Action item: In the data below, find every line with the word "bath" and copy it out.

Record set:
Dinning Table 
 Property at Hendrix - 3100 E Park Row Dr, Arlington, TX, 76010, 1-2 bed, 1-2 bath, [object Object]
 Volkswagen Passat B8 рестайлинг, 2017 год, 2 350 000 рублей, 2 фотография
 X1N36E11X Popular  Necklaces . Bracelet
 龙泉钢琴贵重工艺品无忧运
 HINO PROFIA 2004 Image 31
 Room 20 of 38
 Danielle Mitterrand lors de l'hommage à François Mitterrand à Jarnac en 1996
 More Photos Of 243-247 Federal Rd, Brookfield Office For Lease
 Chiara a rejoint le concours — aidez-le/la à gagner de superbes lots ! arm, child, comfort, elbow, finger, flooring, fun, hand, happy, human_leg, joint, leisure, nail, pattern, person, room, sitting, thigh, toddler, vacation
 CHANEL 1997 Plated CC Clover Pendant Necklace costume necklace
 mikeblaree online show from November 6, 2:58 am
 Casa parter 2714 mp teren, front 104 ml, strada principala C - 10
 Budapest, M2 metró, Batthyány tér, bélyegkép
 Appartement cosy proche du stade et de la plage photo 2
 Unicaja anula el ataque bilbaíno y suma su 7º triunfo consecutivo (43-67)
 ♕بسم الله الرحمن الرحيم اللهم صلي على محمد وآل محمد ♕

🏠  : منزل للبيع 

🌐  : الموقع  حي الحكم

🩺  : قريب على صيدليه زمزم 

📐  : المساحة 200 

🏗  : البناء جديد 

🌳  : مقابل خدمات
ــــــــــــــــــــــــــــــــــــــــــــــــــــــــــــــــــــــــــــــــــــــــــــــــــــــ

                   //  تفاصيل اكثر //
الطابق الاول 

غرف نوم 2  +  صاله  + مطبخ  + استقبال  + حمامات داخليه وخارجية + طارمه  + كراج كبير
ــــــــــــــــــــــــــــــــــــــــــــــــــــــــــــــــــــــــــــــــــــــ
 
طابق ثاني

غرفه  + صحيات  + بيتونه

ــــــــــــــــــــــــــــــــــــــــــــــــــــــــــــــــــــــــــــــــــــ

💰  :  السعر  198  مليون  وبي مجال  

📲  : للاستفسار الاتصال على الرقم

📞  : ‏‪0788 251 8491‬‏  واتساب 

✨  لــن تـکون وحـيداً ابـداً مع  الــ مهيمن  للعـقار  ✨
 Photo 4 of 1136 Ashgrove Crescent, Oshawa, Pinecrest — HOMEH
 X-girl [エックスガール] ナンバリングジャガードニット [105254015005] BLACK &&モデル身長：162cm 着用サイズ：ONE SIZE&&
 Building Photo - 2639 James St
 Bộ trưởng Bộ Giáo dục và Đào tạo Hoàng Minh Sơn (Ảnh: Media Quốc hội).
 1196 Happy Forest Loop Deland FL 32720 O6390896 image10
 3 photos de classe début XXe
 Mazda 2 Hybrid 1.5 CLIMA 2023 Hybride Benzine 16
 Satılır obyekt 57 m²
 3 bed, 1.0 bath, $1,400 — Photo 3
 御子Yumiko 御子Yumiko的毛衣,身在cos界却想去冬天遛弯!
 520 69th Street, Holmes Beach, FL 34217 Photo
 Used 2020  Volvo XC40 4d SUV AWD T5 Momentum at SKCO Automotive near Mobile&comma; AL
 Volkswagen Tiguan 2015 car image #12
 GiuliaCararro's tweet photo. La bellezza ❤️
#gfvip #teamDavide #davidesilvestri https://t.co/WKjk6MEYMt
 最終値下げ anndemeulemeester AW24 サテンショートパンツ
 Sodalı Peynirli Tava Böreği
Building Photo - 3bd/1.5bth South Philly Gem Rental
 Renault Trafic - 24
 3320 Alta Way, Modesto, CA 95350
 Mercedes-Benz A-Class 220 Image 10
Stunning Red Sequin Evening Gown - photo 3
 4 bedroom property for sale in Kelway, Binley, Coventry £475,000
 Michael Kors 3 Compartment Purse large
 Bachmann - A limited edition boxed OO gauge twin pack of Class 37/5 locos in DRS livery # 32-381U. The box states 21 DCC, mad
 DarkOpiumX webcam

Solution:
 Property at Hendrix - 3100 E Park Row Dr, Arlington, TX, 76010, 1-2 bed, 1-2 bath, [object Object]
 3 bed, 1.0 bath, $1,400 — Photo 3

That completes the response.